Del mismo modo, pienso en un mundo posible más rico por la presencia de sujetos LGBTQI. Pero es a estos sujetos LGBTQI a quienes les toca mostrar su riqueza, indicando ese plus para el bien común que pueden traernos. Este es un consejo que siento que puedo darles.
Es lo que aprendí del pensamiento de la diferencia, me parece que el movimiento LGBTQI lo podría retomar. Se trata de crear un estilo de habitar el mundo, de transformarlo con fuerza creadora. Este paso político, puesto en acto por las mujeres del feminismo de la diferencia y de la mayor parte del feminismo, puede ser retomado incluso con ventaja por otros movimientos.
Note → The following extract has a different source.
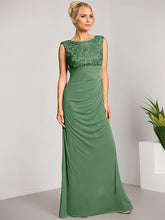 Empire Scoop Floor-Length Mesh Lace Mother of the Bride Dress With Pleated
En cambio, me parece una forma de mutilación definirse como minoría y pedir protección, en lugar de aportar su propria y rica experiencia, hacerla circular y desde allí sacar la fuerza que luego sea reconocida en forma de derecho.
Traducción: Elsa Drucaroff
1 Los corchetes son agregados míos (N.d.T).
2 Scott, Joan. “El género, una categoría útil para el análisis histórico” (1986). Revista Del Centro De Investigaciones Históricas, (14), 9–45. Recuperado a partir de https://revistas.upr.edu/index.php/opcit/article/view/16994
3 Pueden leerse fragmentos de este famoso trabajo acá: Fox Keller, E. (1). Reflexiones sobre género y ciencia (fragmento). Asparkía. Investigació Feminista, (12), 149-153. Recuperado a partir de
https://www.e-revistes.uji.es/index.php/asparkia/article/view/891
4 Copié la traducción de este fragmento de Lonzi de la edición de Escupamos sobre Hegel publicada por Tinta Limón Ediciones (Bs. As., 2017. p.60), con prólogo de Verónica Gago y Raquel Gutiérrez Aguilar. Pero esta cita que transcribe Zamboni no se comprende sin reponer su contexto, aunque sea en un resumen necesariamente breve e imperfecto: Carla Lonzi la escribe luego de mostrar, con diferentes ejemplos, cómo el pensamiento masculino desprecia que las mujeres estén en una posición diferente de lo que se considera “lógica”, “realismo”, “objetividad”; es decir, diferente de los valores que son esenciales en una sociedad masculina que ensalza el dominio sobre la naturaleza, celebra la posesión y la guerra. Las mujeres, por estar mayoritariamente excluidas del protagonismo público, tienen potencialmente la capacidad de inventar, poner en juego, perspectivas alternativas. Esta capacidad, en el caso de que se exprese, sufre la desacreditación masculina porque es molesta, ya que clarificar cuáles son las exigencias viriles. Por esto Lonzi -leyendo cuidadosamente el lugar que da Hegel a las mujeres- sostiene que nosotras no tenemos una posición simétrica respecto del hombre, no somos la antítesis de esa tesis que serían ellos, nos movemos en otro plano. (N.d.T.)
5 Vale la pena completar el párrafo de Lonzi, acá interrumpido: “El hombre se halla vuelto sobre sí mismo, sobre su pasado, sobre su finalidad, sobre su cultura. La realidad le parece agotada, buena prueba de ello son los viajes espaciales. Pero la mujer afirma que la vida, para ella, sobre este planeta, aun está por iniciarse. Ella es capaz de ver allí donde el hombre ya no ve nada.” (Ibidem, p. 63)
6 Delle donne la forza delle donne fue un slogan feminista muy conocido en Italia durante la segunda ola.